Nativo del paese vicino a Piteglio Paolo Andreotti è stato pastore molto apprezzato ”padre amorevole” di una terra lontana

di Ugo Feraci

Da Prataccio al Pakistan, l’esistenza di Paolo Andreotti affascina ancora a distanza di 25 anni dalla morte. Nato nel 1921 e battezzato con il nome di Vieri lasciò la casa paterna a solo 12 anni, quando entrò nel Seminario dei frati Domenicani. Dovette difendere la sua vocazione alla vita religiosa prima dall’opposizione del padre, poi, nel suo desiderio missionario — chiaramente indicato dal nome dell’apostolo Paolo preso per la sua nuova vita religiosa —, dalle intenzioni dei superiori. Nel 1939 aveva emesso la sua professione religiosa e nel 1947 fu ordinato sacerdote. L’anno seguente era già in partenza per il Pakistan dove avrebbe trascorso tutta la vita.

Nei suoi primi decenni di attività si occupò dell’insegnamento a Khuspur, impartito a cristiani e non, rivelando le sue qualità di persona attenta all’educazione, ma anche alle necessità pratiche della gente, svolgendo con umiltà e intelligenza le sue funzioni. Profondamente inserito nel carisma dell’ordine domenicano aveva una forte attenzione per la vita comunitaria, l’esigenza apostolica, la chiarezza dell’insegnamento nella fedeltà alla Chiesa. Dopo il trasferimento a Faisalabad si occupò da vicino delle esigenze concrete e spirituali del popolo, come dalle opere dell’ordine nella regione. Nel 1969, tornato a Roma, fu elettto superiore della provincia Romana. Fece ritorno in Pakistan dopo tre anni, nominato vescovo ausiliare di Faisalabad.
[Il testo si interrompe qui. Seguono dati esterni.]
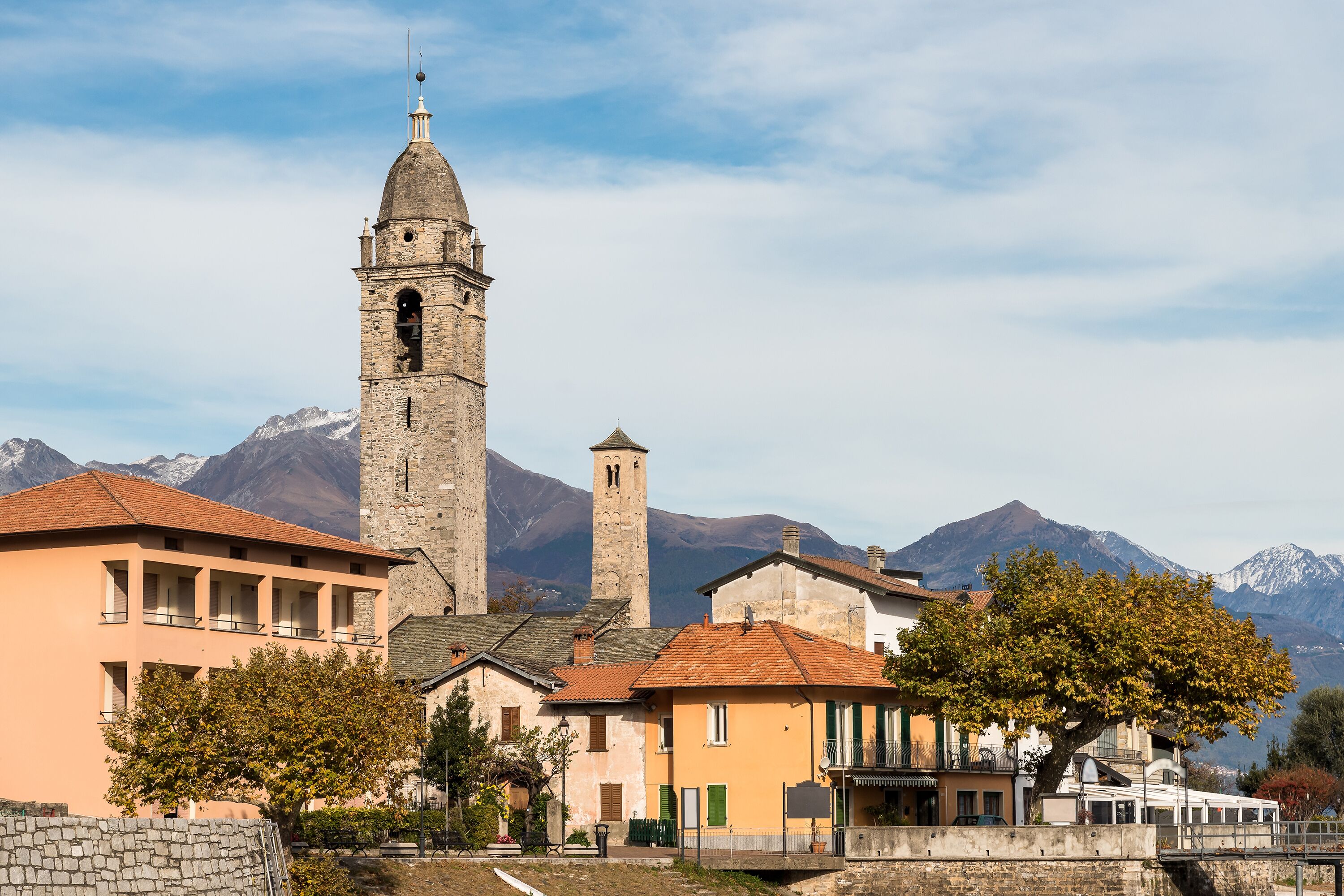 Un edificio histórico con un campanario, rodeado de viviendas y montañas al fondo.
In quella diocesi rimase anche dopo il 1976, quando subentrò al suo ordinario.

Da vescovo accrebbe il suo amore per i piccoli e i poveri: fondò un istituto per disabili e si occupò di promuovere l’educazione e la catechesi, svolgendo un apostolato di prossimità, fatto di visite cordiali, di telefonate, di generosità concreta, di viva sensibilità ai problemi. Di fronte alle difficoltà amava ripetere: «Coraggio, tutto andrà bene nella volontà di Dio». Lasciò l’episcopato nel 1984 continuando a svolgere attività spirituali e dedicandosi all’erezione del seminario interdiocesano di Lahore.
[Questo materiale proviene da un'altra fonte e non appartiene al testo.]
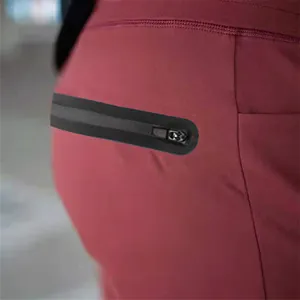 Close-up detail of the black waterproof zipper pocket on men's burgundy athletic pants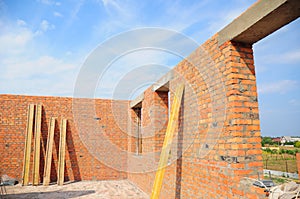 Unfinished brick house construction. Building new brick house with concrete lintel and with unfinished ceiling, roof.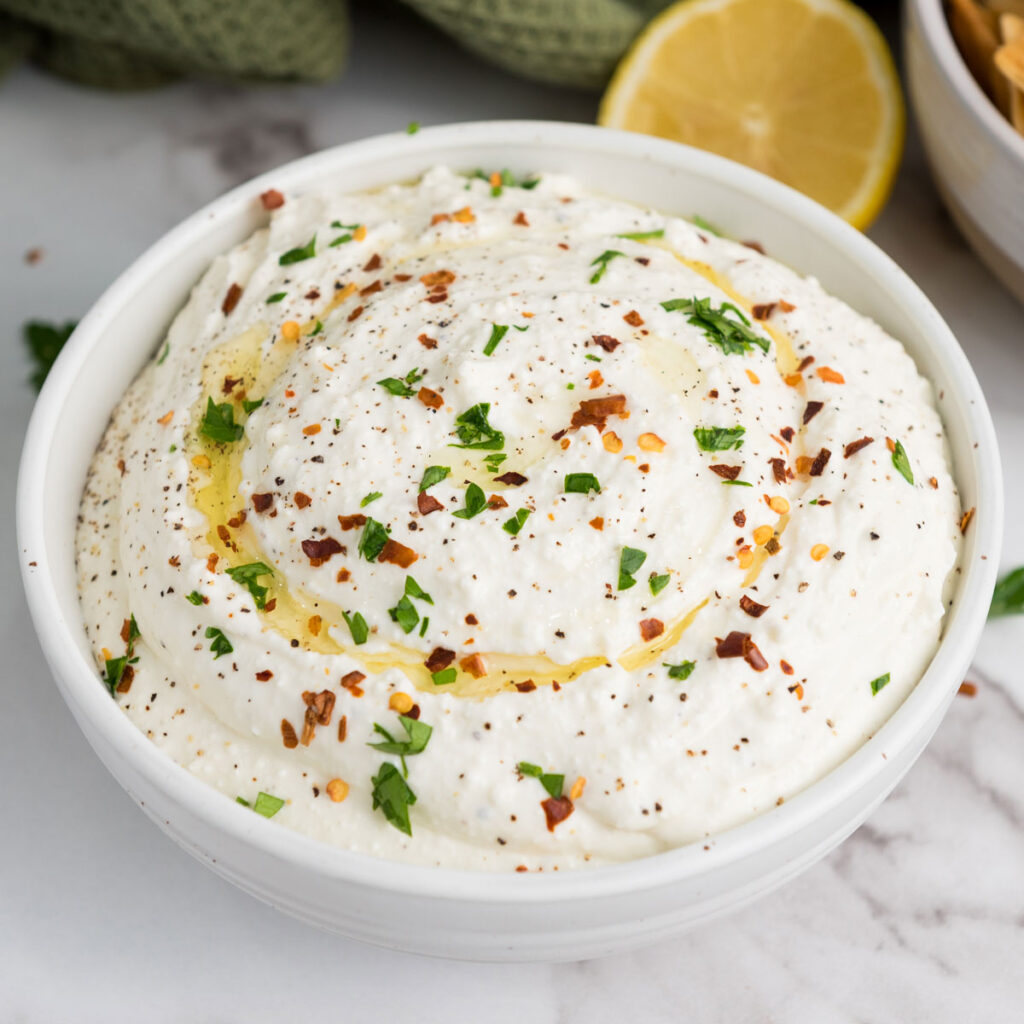 whipped feta dip in white bowl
Nel 1995 fece rientro in Italia viste le sue già critiche condizioni di salute e il 10 luglio di quello stesso anno il Signore lo chiamò a sé. «Umile e nascosto, Monsignor Paolo non è mai stato molto presente nella nostra comunità ecclesiale, però egli è un figlio autentico della nostra terra». Così lo ricordava monsignor Giordano Frosini, nell’omelia pronunciata in occasione della sua messa funebre a Prataccio. «Le sue caratteristiche rispecchiano fortemente le caratteristiche di queste popolazioni: umile, modesto, forte. Ora la sua Chiesa, la sua terra lo accoglie per l’ultimo riposo. Si scrive — continuava Frosini —: “Beati i morti che muoiono nel Signore, perché le loro opere li seguono”. Noi promettiamo di custodire non soltanto le sue spoglie, ma anche la sua memoria, la sua fede, le sue opere. La Chiesa pistoiese lo dovrà ricordare fra i suoi santi missionari, la Chiesa pistoiese lo ammette nel suo martirologio, con l’augurio e la speranza che il suo esempio venga raccolto da tutti, in particolare dalle giovani generazioni».
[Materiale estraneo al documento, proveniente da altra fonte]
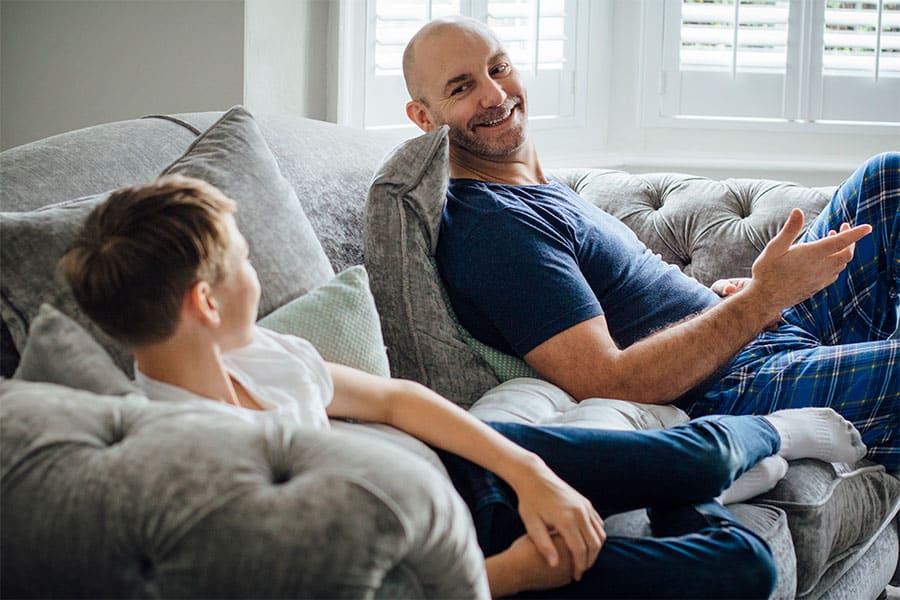 A stress-free bald father lying down on a couch, smiling while talking to his son.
Nel 25° anniversario della morte il vescovo Tardelli celebrerà una messa in ricordo di monsignor Paolo Andreotti (1921–1995), frate domenicano e vescovo missionario in Pakistan. Monsignor Tardelli sarà a Prataccio, paese natale di padre Andreotti, venerdì 10 luglio alle ore 11, dove presiederà una celebrazione eucaristica all’aperto. Monsignor Andreotti è sepolto nella chiesetta della Madonna del Carmine a Prataccio, ma il suo ricordo resta vivo anche grazie a un cippo collocato nel paese e realizzato dalla Pro loco e dalla sezione locale della Misericordia, inaugurato nel febbraio 2016. In Pakistan Andreotti fu vescovo di Faisalabad dal 1976 al 1984, ma in quella città, metropoli di 3 milioni di abitanti nel Punjab, nel nord del paese, visse per 47 anni lasciando una viva memoria di sè.